Hace ya muchos años pasé por una fase de adicción a todo lo que por aquel entonces pensaba que era Japón: Kurosawa, el manga y el anime, el idioma (breves escarceos sin oficio ni beneficio), su cultura e historia, los samuráis… tópicos recurrentes para un freak en ciernes. La cosa quedó ahí hasta que, bastante tiempo después, vi Hiroshima mon amour y experimenté esa sensación de extrañamiento que supone acercarse a la realidad desde otro ángulo, prestando atención a detalles antes inadvertidos pero que siempre han estado ahí. Un nuevo mirar, buscando mi lugar en el mundo. La adolescencia quedaba atrás.

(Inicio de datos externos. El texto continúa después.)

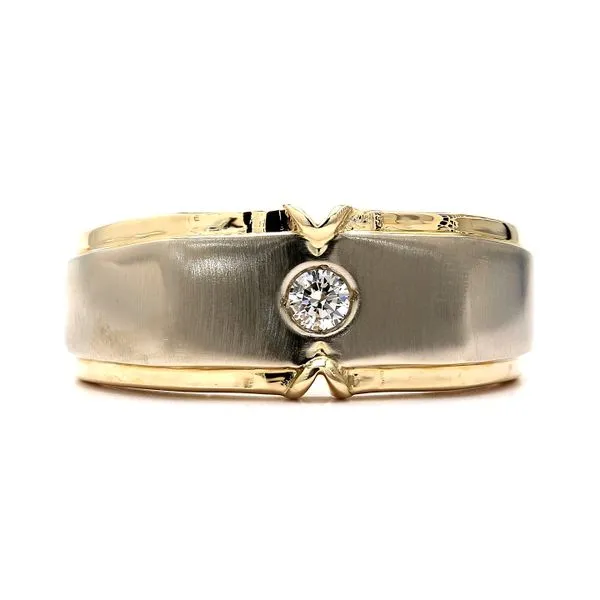 14K Two-Tone Polished Solitaire Wedding Band Raleigh Diamond Fine Jewelry Raleigh, NC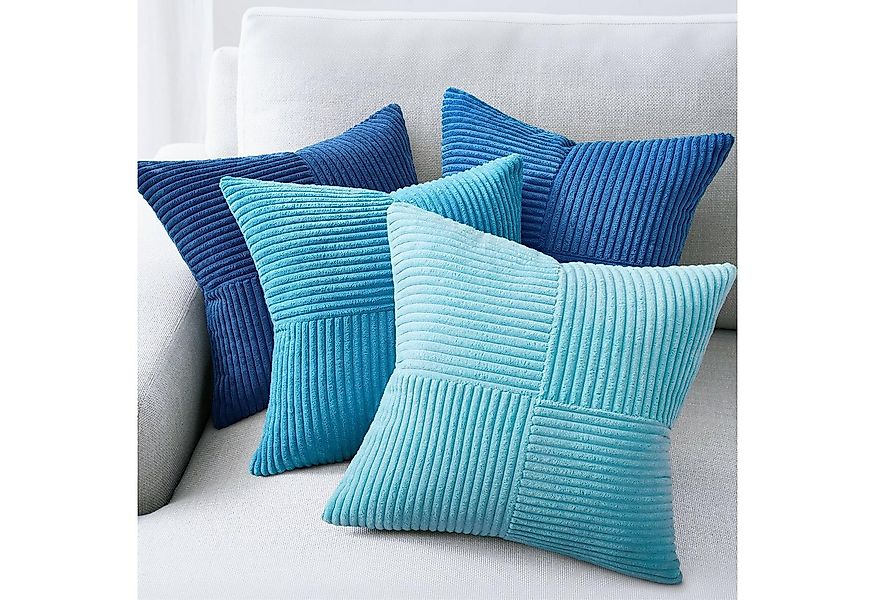 Topfinel Kissenbezug 40x40 4er set Kissenbezüge 50x50 Kordsamt mit Streifen günstig online kaufen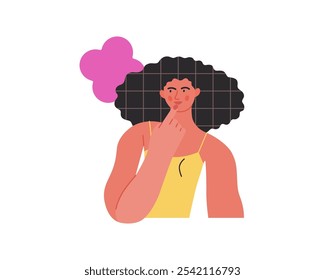 Thinking people, modern flat vector concept illustration- woman standing thoughtfully, looking sideways, bubble near head Metaphor for reflection, analysis, introspection, contemplation, deep thought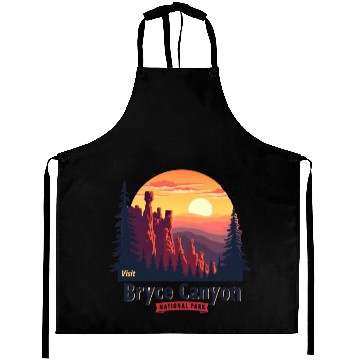 Discover Bryce Canyon National Park Retro Illustraion V 02 Aprons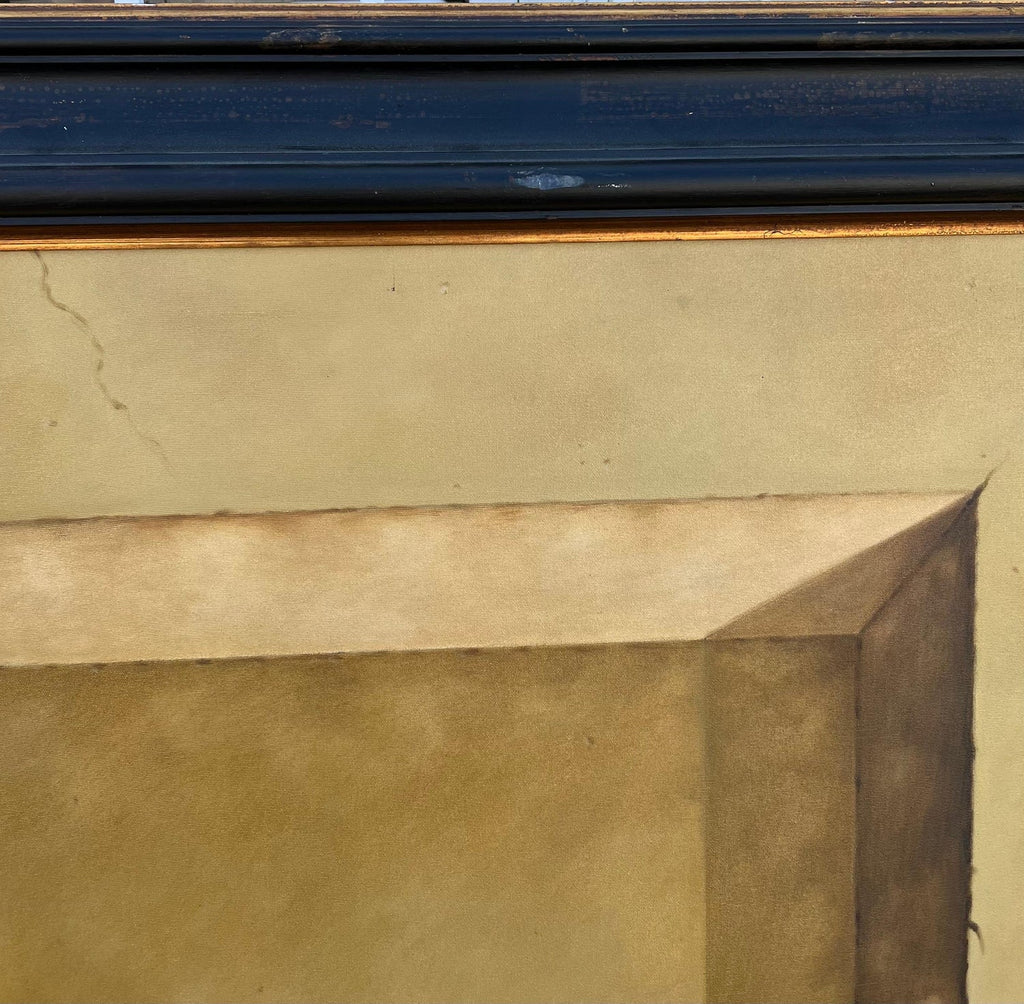 Large Trompe L'oeil Oil Painting Rene Chavelle Belgian Photo Realist Peppers
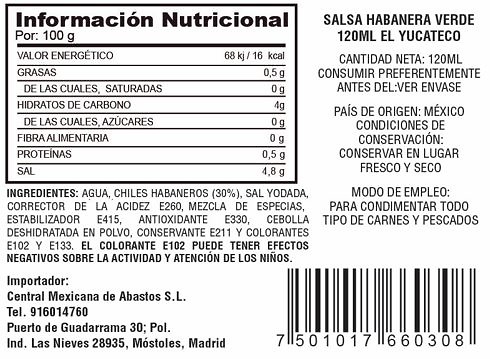 Salsa de chile habanero verde 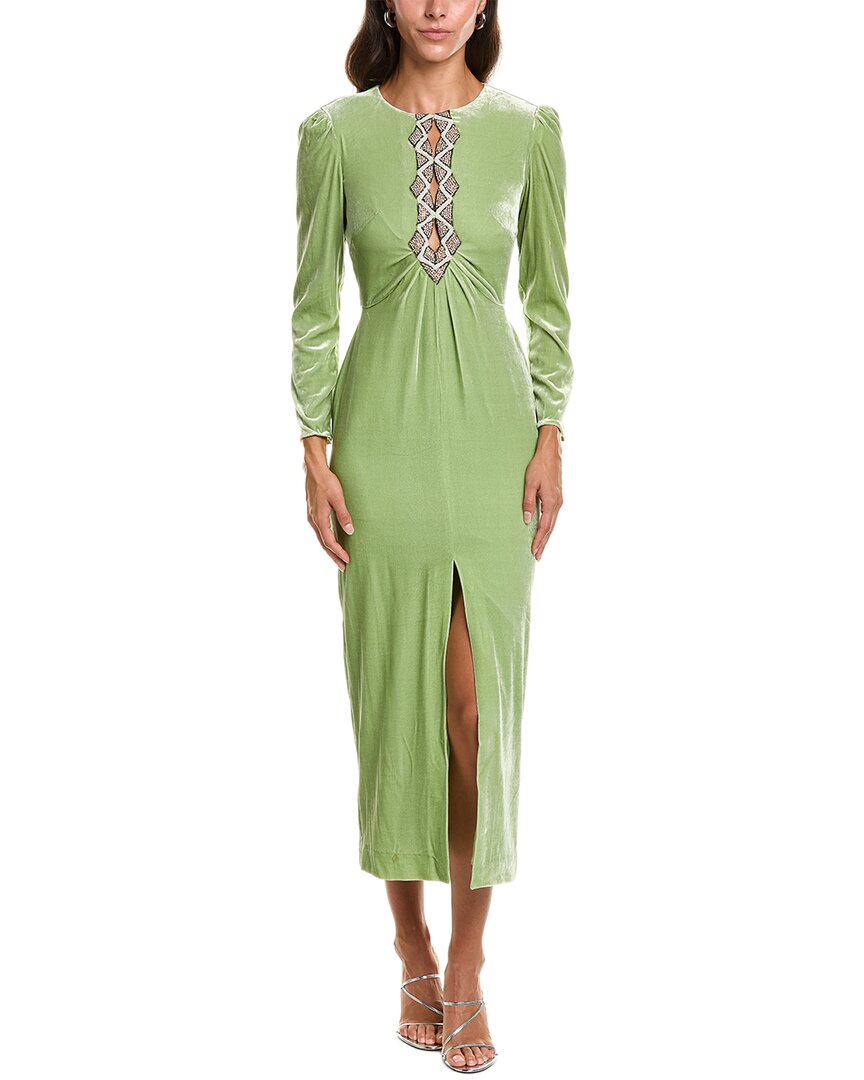 Saloni Jinx Stretch Velvet Silk-blend Midi Dress In Green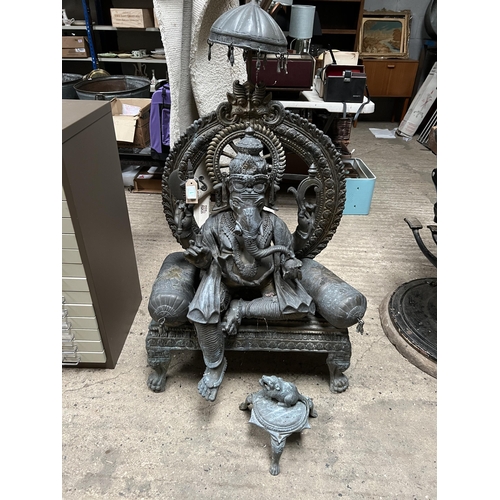 1 - Large brass Ganesha elephant Hindu god statue 48” tall x 26” wide x 18” deep , very heavy 2 person l...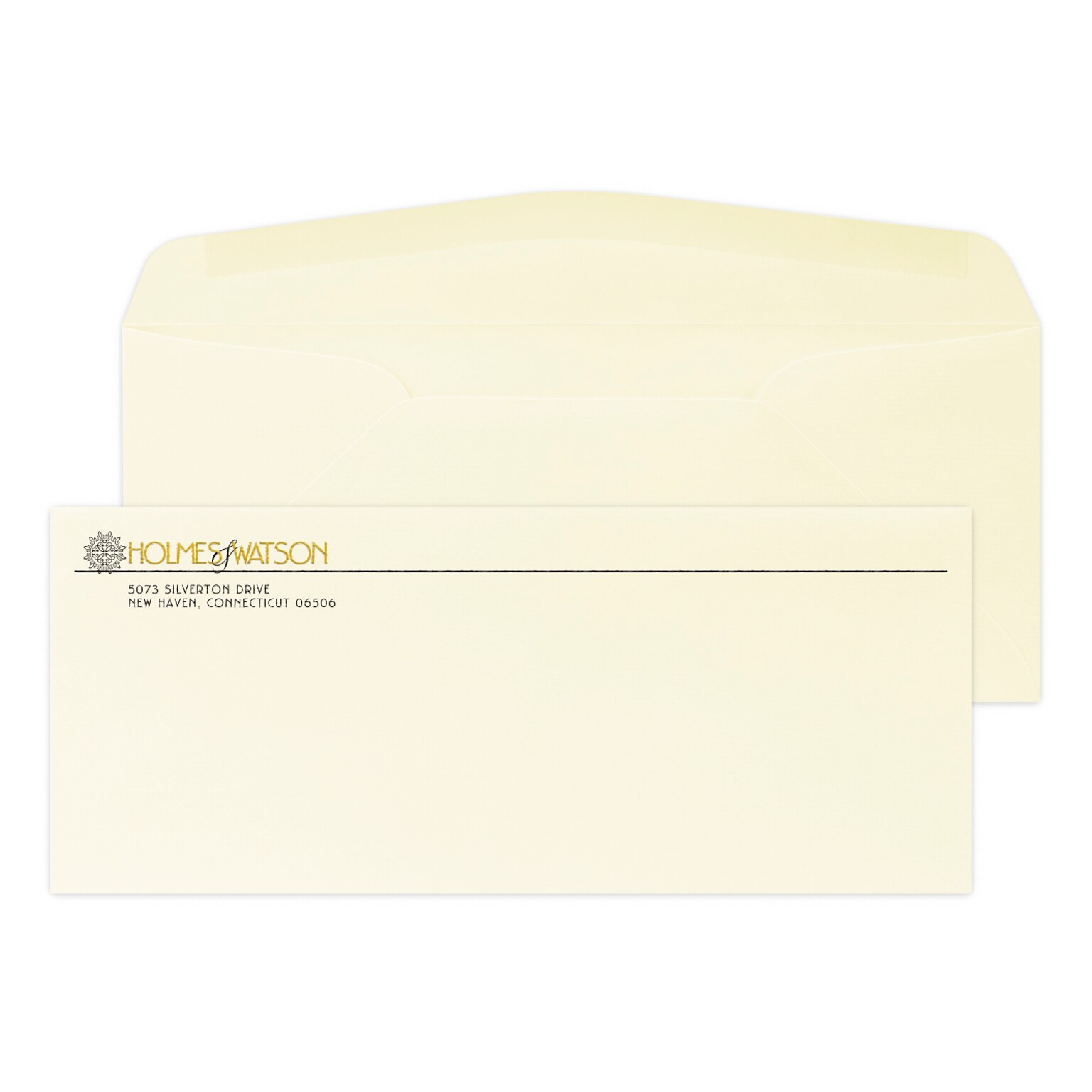 Custom #10 Stationery Envelopes, 4 1/8x9 1/2, 24# CLASSIC® LAID Baronial Ivory, 1 Standard and 1 Custom Raised Inks, 250/Pack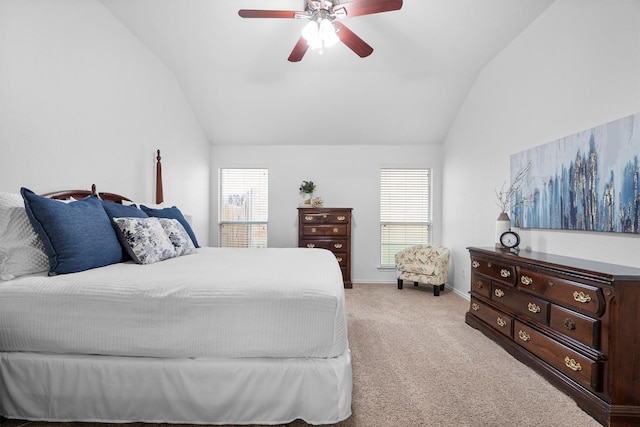 10149 Red Bluff Ln, Fort Worth, TX 76177 - bedroom with vaulted ceiling, light colored carpet, multiple windows, ceiling fan, and baseboards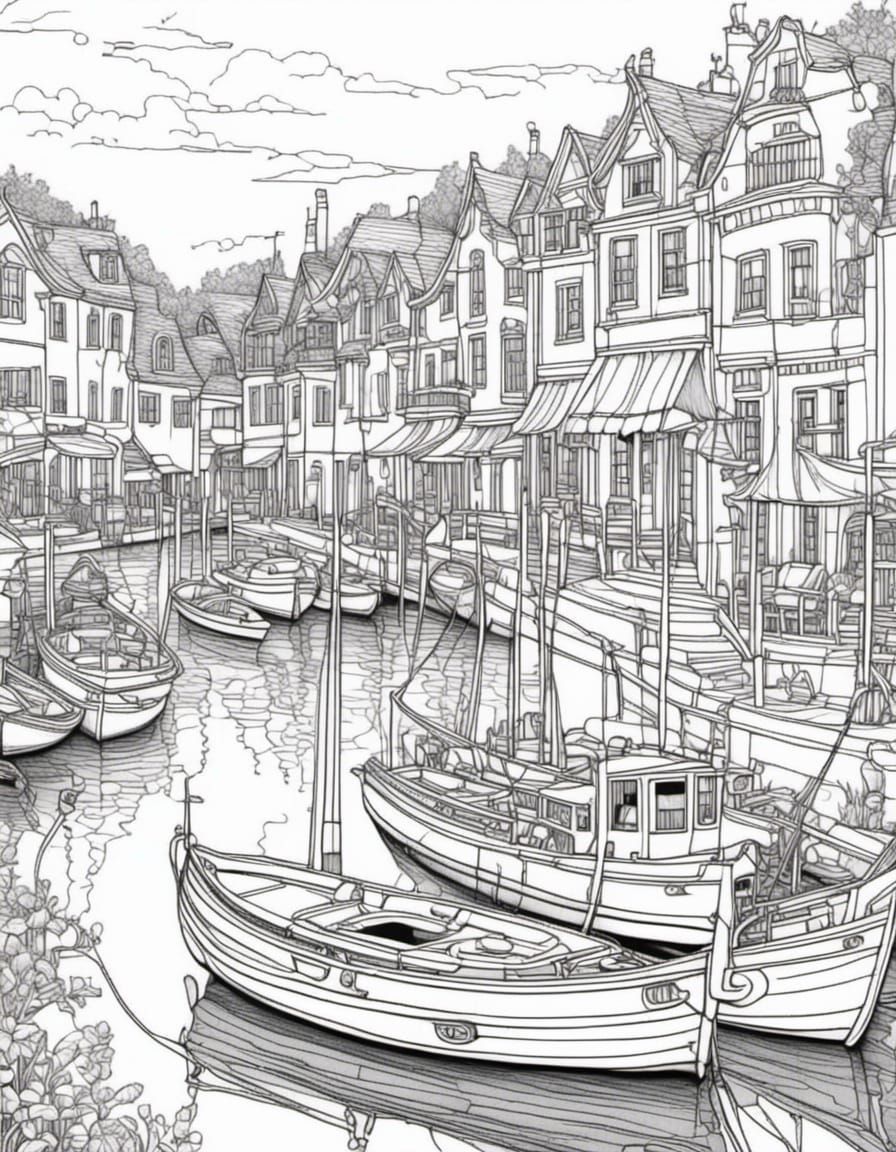 Coloring Book Page: Small Harbor with Boats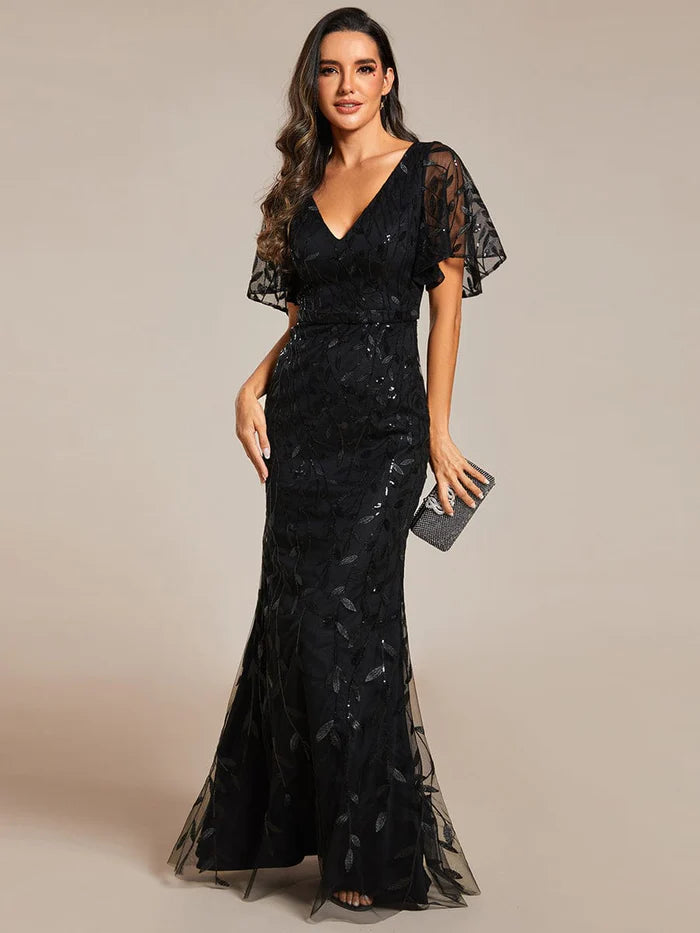 Gorgeous V Neck Leaf-Sequined Fishtail Party Dress Tunics Vintage classic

Centrado sobre todo en sus letras, grandes desconocidas hasta ese momento, fui retomando el acercamiento a Japón por caminos alternativos, totalmente distintos a la par que complementarios. A día de hoy la trayectoria no es muy larga, aunque tampoco puede decirse que sea un neófito. Y en esas sigo, cada vez más fascinado por una literatura que a menudo aborda temas universales —el amor, la familia, el paso del tiempo, la memoria, las ausencias— de una manera transparente y muy lírica, y que me gana sobre todo por su forma de narrar. La ficción se concibe como una ventana abierta a la vida por la que asomarse y mirar libremente, en contraposición a la más rígida estructura de inicio, nudo y desenlace a la que estamos acostumbrados por esta parte del globo y en la que nada queda sin explicación. Claro está que tirar monte a través puede desorientar incluso al viajero experimentado. No hablemos ya del talento que requiere abordar lo cotidiano con tanta sensibilidad; de lograr, sin caer en paroxismos, capturar lo etéreo y lo sublime en la superficie de las cosas más mundanas. En mi humilde opinión, se trata de un tipo de literatura para adultos que demanda un bagaje vital importante y exige al lector algo a cambio. Esto, que a muchos puede parecer un absoluto tostón, a mí me hace sentir (por expresarlo de algún modo) satisfecho y privilegiado, y sin lugar a dudas constituye una de las principales razones por las que disfruto tanto cada vez que me asomo a un libro de autores como Kawabata, Mishima, Dazai o Kunikida, por citar algunos. A la lista viene a sumarse de manera obligada Hiromi Kawakami.
El cielo es azul, la tierra blanca (o El maletín del maestro, si traducimos literalmente el original) es su obra más conocida y recibió el Premio Tanizaki en 2001. La edición española toma por título un verso de una canción popular japonesa que aparece en la novela, utilizando como cebo el lema “Una historia de amor”[1]. Este idilio tiene como protagonistas a una mujer bien entrada en la treintena y a su antiguo profesor de japonés, que casi la dobla en edad. Por su estilo contemporáneo, que tiende vías entre las tradiciones oriental y occidental, es una lectura muy accesible y altamente recomendable para aquellos que, como yo, han empezado a transitar el maravilloso mundo bajo el sol naciente.